Functional role of TRPC proteins in native systems: implications from knockout and knock-down studies


  • This report was presented at The Journal of Physiology Symposium on TRP channels: physiological genomics and proteomics, San Diego, CA, USA, 5 April 2005. It was commissioned by the Editorial Board and reflects the views of the authors.
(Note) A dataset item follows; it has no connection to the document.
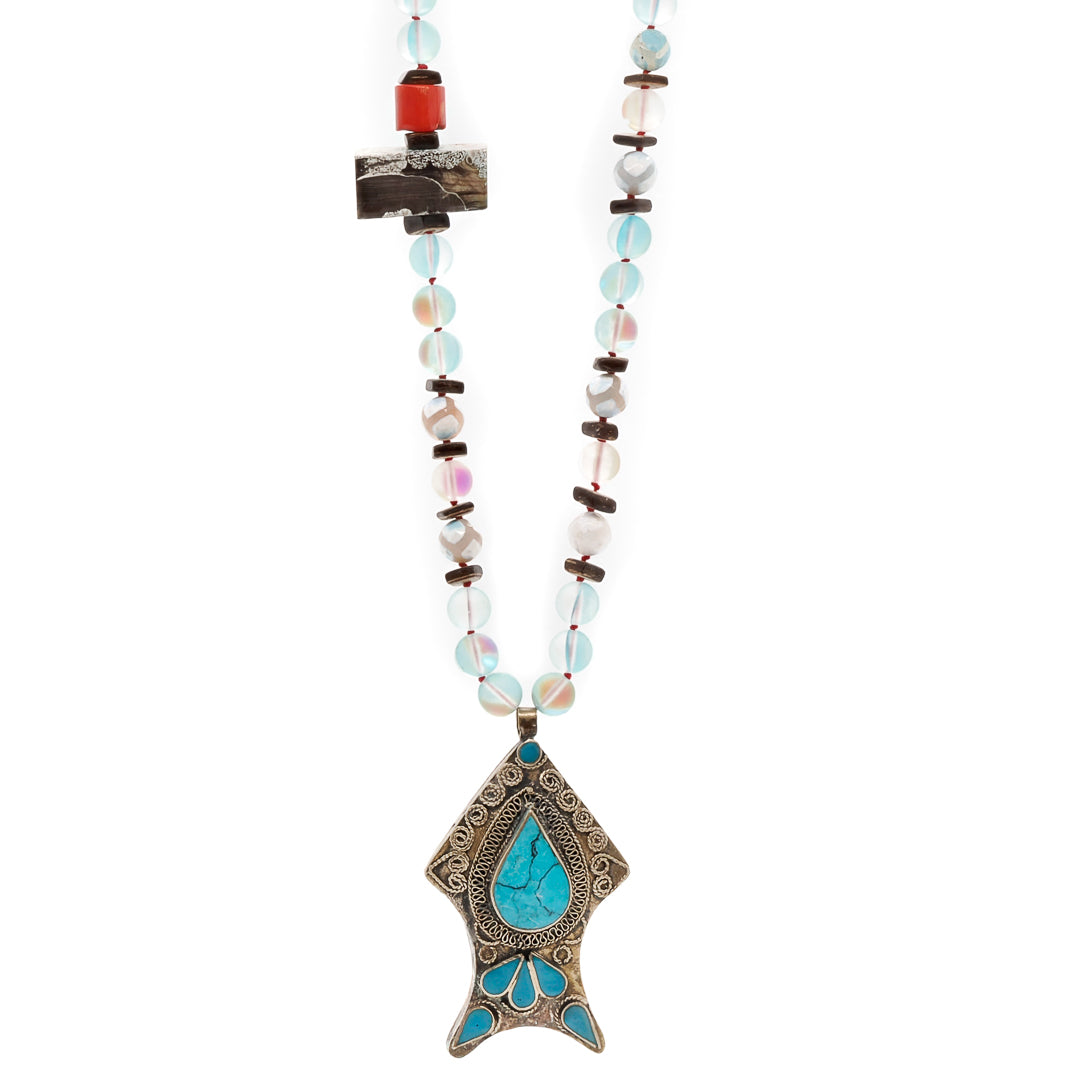 The fish pendant is expertly crafted with intricate details and embellished with a beautiful turquoise stone that complements the aqua and blue tones of the necklace.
Corresponding author M. Freichel: Experimentelle und Klinische Pharmakologie und Toxikologie, Universität des Saarlandes, D 66421 Homburg, Germany. Email:


Available data on transient receptor potential channel (TRPC) protein functions indicate that these proteins represent essential constituents of agonist-activated and phospholipase C-dependent cation entry pathways in primary cells which contribute to the elevation of cytosolic Ca2+. In addition, a striking number of biological functions have already been assigned to the various TRPC proteins, including mechanosensing activity (TRPC1), chemotropic axon guidance (TRPC1 and TRPC3), pheromone sensing and the regulation of sexual and social behaviour (TRPC2), endothelial-dependent regulation of vascular tone, endothelial permeability and neurotransmitter release (TRPC4), axonal growth (TRPC5), modulation of smooth muscle tone in blood vessels and lung and regulation of podocyte structure and function in the kidney (TRPC6). The lack of compounds which specifically block or activate TRPC proteins impairs the analysis of TRPC function in primary cells. We therefore concentrate in this contribution on (i) studies of TRPC-deficient mouse lines, (ii) data obtained by gene-silencing approaches using antisense oligonucleotides or RNA interference, (iii) expression experiments employing dominant negative TRPC constructs, and (iv) recent data correlating mutations of TRPC genes associated with human disease.